Before beginning the execution of creating a website for your business, spend some time determining if you're really ready. Does this medium help your business accomplish its objectives? Are you willing to devote the resources needed to maintain the site over time? (Having as much up-to-date information as possible on your site is important for establishing a polished image. This requires maintenance of the site.) While the Web is opening up new marketing opportunities for businesses large and small, it's still just one of the many marketing tools you might use and it might not be right for your business.
If you decide that having a website is right for your business, invest time in developing a plan. An overall diagram of the layout of your pages and how they link to one another is an important first step. Identify who will maintain the website and how much time-sensitive material to include.

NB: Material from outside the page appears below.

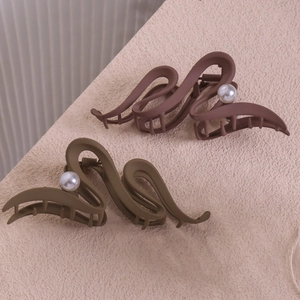 Détail de pinces à cheveux ondulées en marron mat et vert olive avec perle décorative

If you plan to use a designer to create your code and graphics, the more time you invest in pre-planning, the faster and mor effective the designer can be. Before you select a designer, take the time to review their previous work, comparing costs of both the design and the ongoing revision process. When you meet with her, present copies of your logo, photographs, and other literature, as well as your website diagram.

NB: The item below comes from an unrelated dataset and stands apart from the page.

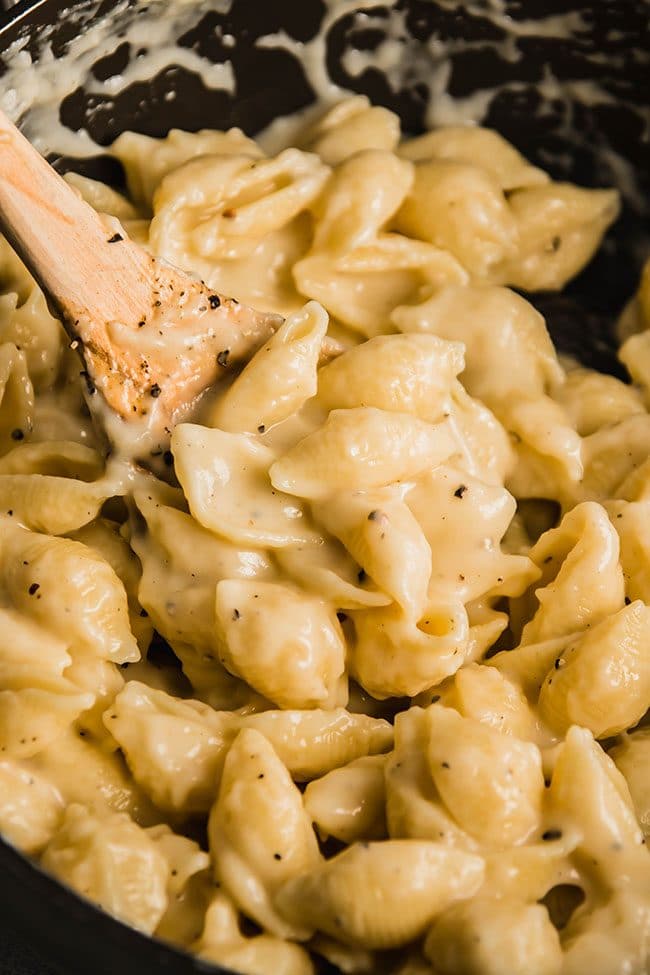 Wooden spoon stirring macaroni and cheese made with shell pasta.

You're probably aware that your website will be viewed not only by your customers, but also by many others such as prospects, suppliers, potential employees, loan officers and web community members around the globe. Identify your most important audience and focus your message on them. Don't try to please everyone.
"Engage" the viewer quickly with your home page. It should:
- display a sharp logo, graphic and/or other caption at the top that invites the reader to stay and conveys the core mission of your business
- load fairly quickly without large graphics or lengthy text
- contain details like your company's mailing or email address somewhere on the page
- provide quick and logical ways to move to sections of interest within the website using navigation icons, a side bar with a list of links, or a map.
- offer a returning viewer links to sections that contain updated news
Your home page should not provide background information such as your company's history or a company "Who's Who" listing. If such information is included, it belongs on another page.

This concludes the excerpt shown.